Closed-loop and daily-cycle pumped-storage hydropower plants (PSHPs) (A closed-loop pumped-storage hydropower plant does not receive natural water inflows in the upper reservoir and does not release water from the lower reservoir. In addition, a daily-cycle pumped-storage hydropower plant is able to empty and refill the upper reservoir in less than 24 h.) have been traditionally operated by the so-called price-arbitrage strategy [1]. The strategy is based on participating in the day-ahead energy market selling energy at peak price hours and purchasing energy at off-peak price hours. The peak/off-peak price hours usually happen in the morning/at night, respectively. In order to maximize the income of the PSHP under the mentioned strategy, the upper reservoir usually starts every day at 0:00 hours empty (to pump water and store energy at night) and finishes the day in the same conditions to fulfil the daily-cycle.
However, nowadays the economic viability of a PSHP might not be guaranteed if they are operated just with the price-arbitrage strategy [2]. Due to this, in the past years, several publications have proposed the PSHPs to participate in other markets and services, apart from the day-ahead energy market, in order to enlarge their income: in the secondary regulation service [3], in the tertiary regulation service [4] and in the intraday markets [5]. In this paper, we focus on the participation in the secondary regulation service because it has been little studied [6].
The participation of PSHPs in the secondary regulation service might change the traditional operation strategy [7] as regards the end of day storages: on the one hand, starting the following day empty may not be optimum because the PSHP does not have enough water to participate in the secondary regulation service (If the PSHP participates in the secondary regulation service, enough storage is required to deal with the real-time use of the upward reserves. It is important to note that conventional PSHPs can participate in the secondary regulation service only in generating mode.) and, on the other hand, starting the following day with the upper reservoir full may not be optimum because the PSHP does not have enough storage capacity in the upper reservoir to pump water at low prices of the day-ahead energy market. Therefore, in order to determine the optimum end of day storage, the decision maker should deal with the trade-off between: (1) having sufficient storage capacity if the model decides to pump water; and (2) having sufficient water if the model decides to participate in the secondary regulation reserve market.

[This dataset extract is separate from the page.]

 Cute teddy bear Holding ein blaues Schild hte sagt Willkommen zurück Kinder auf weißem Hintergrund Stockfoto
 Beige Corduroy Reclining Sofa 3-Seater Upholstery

The main goals and contributions of this paper are: (i) to propose a methodology to maximize the income and determine the optimal end of day storage of closed-loop and daily-cycle PSHPs participating in the day-ahead energy market (DM) and in the secondary regulation service (SRS) of the Spanish power system; (ii) to quantify the extent to which the proposed methodology can enlarge the maximum theoretical income with respect to the traditional operation strategy; and (iii) to quantify the extent to which the participation of the PSHP in the DM and the SRS can enlarge its maximum theoretical income with respect to the participation only in the DM with the proposed methodology.

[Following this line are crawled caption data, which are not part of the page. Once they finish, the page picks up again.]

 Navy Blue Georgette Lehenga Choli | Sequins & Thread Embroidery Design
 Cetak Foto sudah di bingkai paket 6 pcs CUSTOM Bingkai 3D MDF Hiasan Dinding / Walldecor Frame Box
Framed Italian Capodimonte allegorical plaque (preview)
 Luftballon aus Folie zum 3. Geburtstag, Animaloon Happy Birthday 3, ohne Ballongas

The SRS of the Spanish power system comprises two concepts [8,9]. The first one is a day-ahead reserve market (SM), which takes place after having cleared the DM and where the upward and downward secondary regulation reserves are assigned, and remunerated according to the same marginal market price. The second one is the secondary regulation energy, i.e., the reserves that are used in real-time by the transmission system operator (TSO) in order to ensure the demand-generation balance. This upward/downward secondary regulation energy is remunerated according to the marginal price of the upward/downward tertiary regulation market. The upward/downward secondary regulation energy represents an income/cost for the PSHP. Note that the procedure for the procurement of the SRS is not exclusive of the Spanish system. A similar procedure is implemented in Norway, Sweden, Finland, Slovenia, Czech Republic and Romania in the short-term (less than a week) and in Denmark, Netherlands, Belgium, Germany, Austria and Switzerland in the long-term (more than a week) [10].

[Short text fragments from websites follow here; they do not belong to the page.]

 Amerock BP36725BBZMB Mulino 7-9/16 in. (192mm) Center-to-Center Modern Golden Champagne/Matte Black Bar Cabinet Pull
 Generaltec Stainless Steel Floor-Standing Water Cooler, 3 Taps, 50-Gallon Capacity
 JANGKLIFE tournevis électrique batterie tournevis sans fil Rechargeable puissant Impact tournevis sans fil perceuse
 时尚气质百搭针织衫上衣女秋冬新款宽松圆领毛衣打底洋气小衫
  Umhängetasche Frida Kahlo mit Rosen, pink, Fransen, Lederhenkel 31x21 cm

The proposed methodology is based, in part, on the one described in [11,12]. The methodology in [11] uses a look-ahead period of up to six days for the day-ahead energy and reserve scheduling of closed-loop and weekly-cycle PSHPs from a centralized (system-based) point of view. The methodology proposed in this paper makes also use of a look-ahead period for the day-ahead energy and reserve scheduling of closed-loop and daily-cycle PSHPs. Main differences of the presented paper with respect to [11] are: (1) the model here presented is aimed to maximize the income of the PSHP, whereas the one presented in [11] is aimed to reduce the operation cost of the power system; (2) the use in real-time of the committed reserves for the provision of upward and downward secondary regulation energy is considered in this paper; and (3) the proposed methodology is applied for several PSHPs. The work presented in [12] also proposes a methodology similar to the one in [11], with a rolling horizon optimization and a look-ahead period in the context of electricity storage arbitrage in the DM. The main difference of the methodology here presented with respect to the one proposed in [12] is that in the presented paper both energy and reserve are jointly scheduled for the next day. Thus, this paper deals with one of the challenges that was identified in [7] for the operation of PSHPs, as regards the definition of optimal end of day storages in reserve-driven operation strategies of PSHPs.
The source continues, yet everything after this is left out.